Diário do Alentejo

Os Diários de Lanzarote

07 de janeiro 2024 - 08:00
Domingo, 1 de outubro de 2023
Foto | D.R.Foto | D.R.

Texto | João de Carvalho

 

O sétimo dia de viagem coincidiu com o mesmo sétimo dia em que, depois de seis dias a criar o universo, Deus decidiu descansar: domingo. Apesar de sentir-me legitimado a descansar nesse dia, não o fiz. Subi a Montaña Blanca. Por consequência de tê-la subido, também a desci. Há atos que nos levam automaticamente a outros, fazendo-nos engolir o desígnio da causalidade. Hesitei na subida da montanha. Quando cheguei a metade, olhei para trás e reparei como a realidade se dispunha íngreme abaixo de mim. De cada vez que mirava o já distante vale da montanha, sentia o meu corpo encher-se de tremores e ansiedades. Depois de muito calcular, parado a meio de uma, na minha perspetiva, subida de montanha, decidi ir até ao fim. Se o velho septuagenário conseguiu, também eu, jovem e ágil, haveria de conseguir. Assim foi. O sucesso tem às vezes que ver com persistência. Mas o velho dos “Cadernos de Lanzarote” tinha razão. A descida é muito mais exigente que a subida. É na descida que um homem aprende que nem nas pedras pode confiar. Algumas revelam-se falsas. Vai um homem confiar-lhes todo o peso, apoiando nelas os pés, e elas desprendem-se do solo, resvalando montanha abaixo, num caminho interminável. Apesar da falsidade das ditas pedras, cheguei ao sopé são e salvo. Desde o sopé, olhei orgulhosamente a alta Montaña Blanca. Lembrei-me de José Saramago dizer que aquela montanha era o seu Evereste. E sorri. Sorri diante da realidade de tornar-me num dos pares de Saramago: havia subido o seu Evereste. Preenchi-me de romantismo perante tamanha banalidade. Naquele momento, liguei à minha mãe a contar-lhe. Cheio de entusiasmo, exclamei ao telemóvel: “Subi a Montaña Blanca!”.

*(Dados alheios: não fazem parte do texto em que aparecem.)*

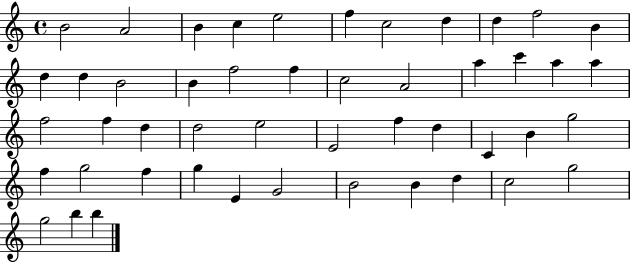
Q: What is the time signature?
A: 4/4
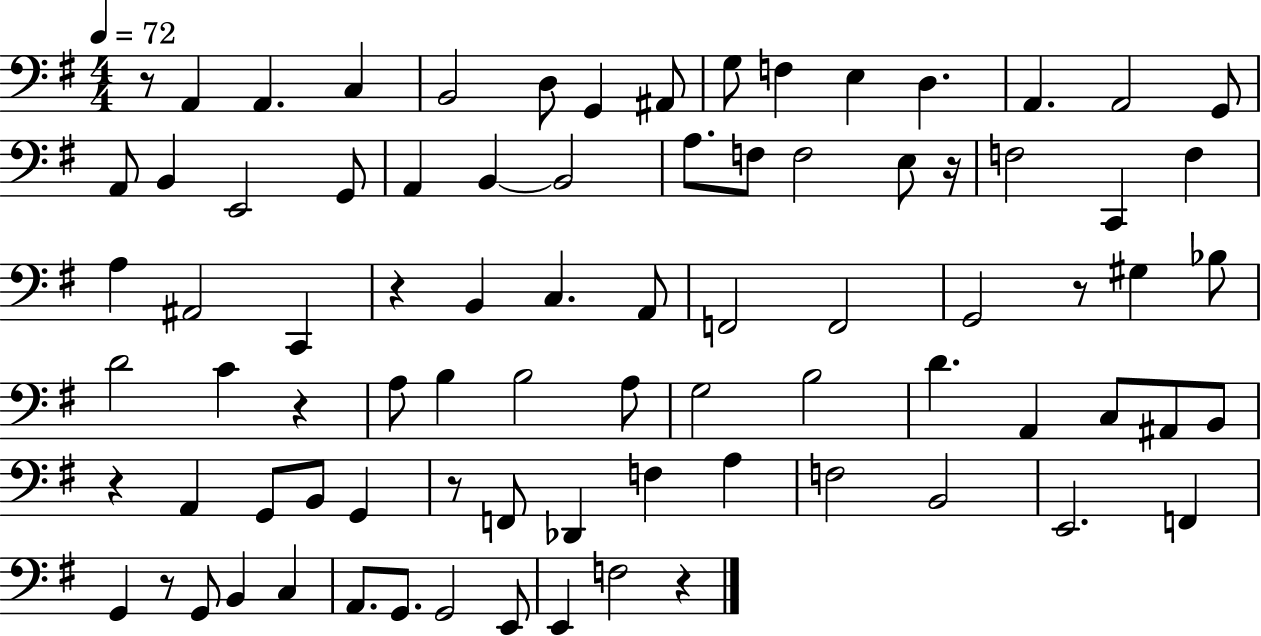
{
  \clef bass
  \numericTimeSignature
  \time 4/4
  \key g \major
  \tempo 4 = 72
  r8 a,4 a,4. c4 | b,2 d8 g,4 ais,8 | g8 f4 e4 d4. | a,4. a,2 g,8 | \break a,8 b,4 e,2 g,8 | a,4 b,4~~ b,2 | a8. f8 f2 e8 r16 | f2 c,4 f4 | \break a4 ais,2 c,4 | r4 b,4 c4. a,8 | f,2 f,2 | g,2 r8 gis4 bes8 | \break d'2 c'4 r4 | a8 b4 b2 a8 | g2 b2 | d'4. a,4 c8 ais,8 b,8 | \break r4 a,4 g,8 b,8 g,4 | r8 f,8 des,4 f4 a4 | f2 b,2 | e,2. f,4 | \break g,4 r8 g,8 b,4 c4 | a,8. g,8. g,2 e,8 | e,4 f2 r4 | \bar "|."
}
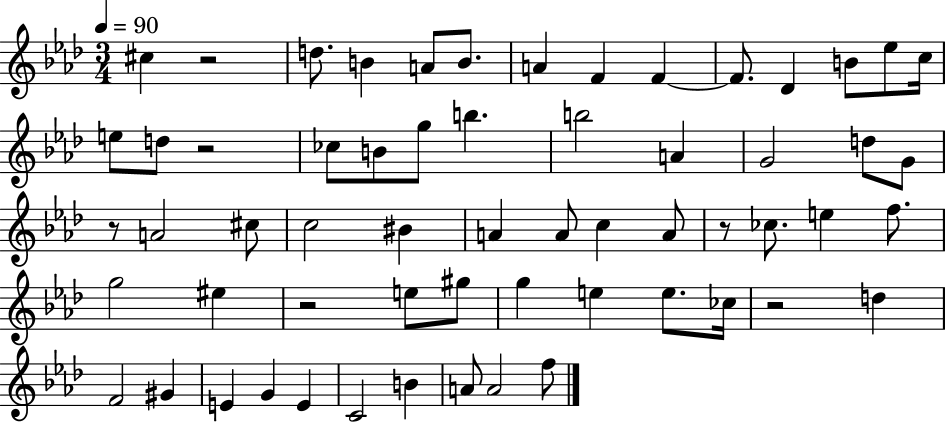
C#5/q R/h D5/e. B4/q A4/e B4/e. A4/q F4/q F4/q F4/e. Db4/q B4/e Eb5/e C5/s E5/e D5/e R/h CES5/e B4/e G5/e B5/q. B5/h A4/q G4/h D5/e G4/e R/e A4/h C#5/e C5/h BIS4/q A4/q A4/e C5/q A4/e R/e CES5/e. E5/q F5/e. G5/h EIS5/q R/h E5/e G#5/e G5/q E5/q E5/e. CES5/s R/h D5/q F4/h G#4/q E4/q G4/q E4/q C4/h B4/q A4/e A4/h F5/e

“Subi a Montaña Blanca. O alpinista do conto tinha razão: não há nenhum motivo sério para subir às montanhas, salvo o facto de elas estarem ali. (…) A descida, feita pela parte da montanha que dá para San Bartolomé, foi trabalhosa, bem mais perigosa do que a subida, pois o risco de resvalar era constante. (…) Lembro-me de haver pensado, enquanto subia: «Se caio e aqui me mato, acabou-se, não farei mais livros.» Não liguei ao aviso. A única coisa realmente importante que tinha para fazer naquele momento era chegar lá acima.”